J’ai attendu longtemps, mon cher ange, que cette édition de la Sophonisbe de Mairet fût finie pour vous l’envoyer, et actuellement qu’elle est faite je ne vous l’envoie pas.
En voici la raison. Le maître des jeux veut qu’on ne l’envoie qu’à lui seul. Il me dénonce expressément cette volonté despotique, et si je suis réfractaire la pièce ne sera pas jouée.
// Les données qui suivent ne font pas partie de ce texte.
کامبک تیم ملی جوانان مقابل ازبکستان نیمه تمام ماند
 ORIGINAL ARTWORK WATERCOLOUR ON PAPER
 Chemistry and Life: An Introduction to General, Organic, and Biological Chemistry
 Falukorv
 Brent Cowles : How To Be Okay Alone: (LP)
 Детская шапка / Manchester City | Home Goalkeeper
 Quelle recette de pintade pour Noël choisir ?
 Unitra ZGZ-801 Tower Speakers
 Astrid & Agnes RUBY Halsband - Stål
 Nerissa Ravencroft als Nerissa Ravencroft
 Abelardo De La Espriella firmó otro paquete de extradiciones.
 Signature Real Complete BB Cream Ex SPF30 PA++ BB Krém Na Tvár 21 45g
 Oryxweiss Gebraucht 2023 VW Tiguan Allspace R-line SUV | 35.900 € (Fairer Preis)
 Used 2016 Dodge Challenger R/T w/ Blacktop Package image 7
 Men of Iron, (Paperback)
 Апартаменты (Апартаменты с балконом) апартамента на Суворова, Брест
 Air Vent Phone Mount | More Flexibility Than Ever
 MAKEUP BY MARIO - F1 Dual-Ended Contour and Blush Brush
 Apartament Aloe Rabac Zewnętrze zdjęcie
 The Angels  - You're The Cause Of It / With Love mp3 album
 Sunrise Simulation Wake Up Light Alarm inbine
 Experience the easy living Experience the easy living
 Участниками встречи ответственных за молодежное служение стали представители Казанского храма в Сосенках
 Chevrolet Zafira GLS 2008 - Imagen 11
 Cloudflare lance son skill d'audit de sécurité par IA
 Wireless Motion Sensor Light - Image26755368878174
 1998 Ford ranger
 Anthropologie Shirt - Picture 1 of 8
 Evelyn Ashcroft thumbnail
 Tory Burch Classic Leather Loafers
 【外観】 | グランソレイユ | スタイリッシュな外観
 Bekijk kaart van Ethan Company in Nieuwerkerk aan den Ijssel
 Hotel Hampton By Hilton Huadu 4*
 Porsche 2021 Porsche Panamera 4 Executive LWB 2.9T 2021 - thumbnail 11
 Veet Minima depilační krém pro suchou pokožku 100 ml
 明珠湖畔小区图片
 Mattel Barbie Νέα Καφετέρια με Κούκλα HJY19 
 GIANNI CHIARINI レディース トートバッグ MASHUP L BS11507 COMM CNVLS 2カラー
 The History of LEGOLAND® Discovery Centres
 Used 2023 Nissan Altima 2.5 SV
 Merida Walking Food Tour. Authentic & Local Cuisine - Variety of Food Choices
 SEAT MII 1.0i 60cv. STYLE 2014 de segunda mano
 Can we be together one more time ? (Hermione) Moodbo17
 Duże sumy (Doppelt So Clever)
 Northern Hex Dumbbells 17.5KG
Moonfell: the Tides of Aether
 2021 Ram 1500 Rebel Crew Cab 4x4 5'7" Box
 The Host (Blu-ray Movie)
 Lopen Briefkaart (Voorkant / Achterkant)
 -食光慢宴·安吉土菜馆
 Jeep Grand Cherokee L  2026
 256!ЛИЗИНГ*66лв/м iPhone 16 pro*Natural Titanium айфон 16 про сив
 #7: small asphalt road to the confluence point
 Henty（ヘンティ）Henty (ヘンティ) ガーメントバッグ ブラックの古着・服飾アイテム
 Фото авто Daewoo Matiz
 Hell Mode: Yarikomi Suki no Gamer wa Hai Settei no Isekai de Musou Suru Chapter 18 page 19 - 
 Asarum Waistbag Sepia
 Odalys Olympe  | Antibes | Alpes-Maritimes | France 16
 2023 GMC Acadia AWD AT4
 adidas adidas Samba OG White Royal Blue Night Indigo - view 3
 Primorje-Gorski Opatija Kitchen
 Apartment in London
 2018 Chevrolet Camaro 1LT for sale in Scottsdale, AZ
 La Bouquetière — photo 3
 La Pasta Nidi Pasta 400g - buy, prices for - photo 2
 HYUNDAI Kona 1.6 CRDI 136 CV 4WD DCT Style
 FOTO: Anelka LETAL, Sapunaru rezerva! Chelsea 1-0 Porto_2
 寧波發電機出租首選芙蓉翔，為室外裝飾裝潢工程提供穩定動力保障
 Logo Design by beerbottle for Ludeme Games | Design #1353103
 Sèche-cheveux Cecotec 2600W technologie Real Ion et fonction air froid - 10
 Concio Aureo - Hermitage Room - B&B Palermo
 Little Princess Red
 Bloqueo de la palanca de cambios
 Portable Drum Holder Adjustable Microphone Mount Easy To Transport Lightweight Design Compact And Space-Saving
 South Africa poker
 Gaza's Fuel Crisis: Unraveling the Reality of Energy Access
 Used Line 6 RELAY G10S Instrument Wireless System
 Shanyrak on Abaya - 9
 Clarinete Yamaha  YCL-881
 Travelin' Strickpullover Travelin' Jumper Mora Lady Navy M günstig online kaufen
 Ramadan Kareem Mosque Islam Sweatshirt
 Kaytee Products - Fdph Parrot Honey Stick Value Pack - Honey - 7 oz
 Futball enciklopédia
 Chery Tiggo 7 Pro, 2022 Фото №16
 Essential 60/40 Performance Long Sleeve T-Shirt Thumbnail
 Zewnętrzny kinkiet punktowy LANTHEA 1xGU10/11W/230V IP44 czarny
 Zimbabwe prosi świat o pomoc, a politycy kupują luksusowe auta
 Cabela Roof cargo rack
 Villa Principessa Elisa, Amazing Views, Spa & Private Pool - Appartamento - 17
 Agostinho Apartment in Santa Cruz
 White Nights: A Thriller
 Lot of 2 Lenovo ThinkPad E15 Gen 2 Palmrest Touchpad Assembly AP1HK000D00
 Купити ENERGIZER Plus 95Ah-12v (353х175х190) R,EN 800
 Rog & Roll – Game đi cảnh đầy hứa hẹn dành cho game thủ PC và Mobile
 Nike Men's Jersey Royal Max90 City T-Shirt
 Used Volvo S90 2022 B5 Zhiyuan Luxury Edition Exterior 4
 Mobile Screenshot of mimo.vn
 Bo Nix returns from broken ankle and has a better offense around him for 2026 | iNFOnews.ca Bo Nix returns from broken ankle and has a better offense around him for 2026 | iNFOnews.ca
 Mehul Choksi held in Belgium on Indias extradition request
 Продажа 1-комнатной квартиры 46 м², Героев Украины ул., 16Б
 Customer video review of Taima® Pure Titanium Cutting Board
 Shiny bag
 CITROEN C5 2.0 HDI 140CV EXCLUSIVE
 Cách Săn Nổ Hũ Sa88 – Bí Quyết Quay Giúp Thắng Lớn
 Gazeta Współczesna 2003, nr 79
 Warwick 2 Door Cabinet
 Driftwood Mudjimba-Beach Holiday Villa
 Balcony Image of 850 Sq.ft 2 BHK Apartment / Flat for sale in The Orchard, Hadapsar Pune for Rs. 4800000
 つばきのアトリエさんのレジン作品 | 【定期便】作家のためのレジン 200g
Cela est fort plaisant, et si plaisant que vous tâcherez de n’en rien savoir.

Il ne sera pas moins plaisant que vous lui disiez quand vous le verrez que j’ai refusé de vous donner l’ouvrage, et qu’il faut une lettre de cachet de sa part pour que vous l’ayez en votre possession, comme lorsque le roi fit saisir à Versailles toutes les Enciclopédies, et ne les rendit qu’aux gens qui avaient une bonne réputation.

J’aurais dû commencer par vous remercier de vôtre négociation génoise, mais l’aventure de Sophonisbe m’a paru si drôle que je lui ai donné la préférence.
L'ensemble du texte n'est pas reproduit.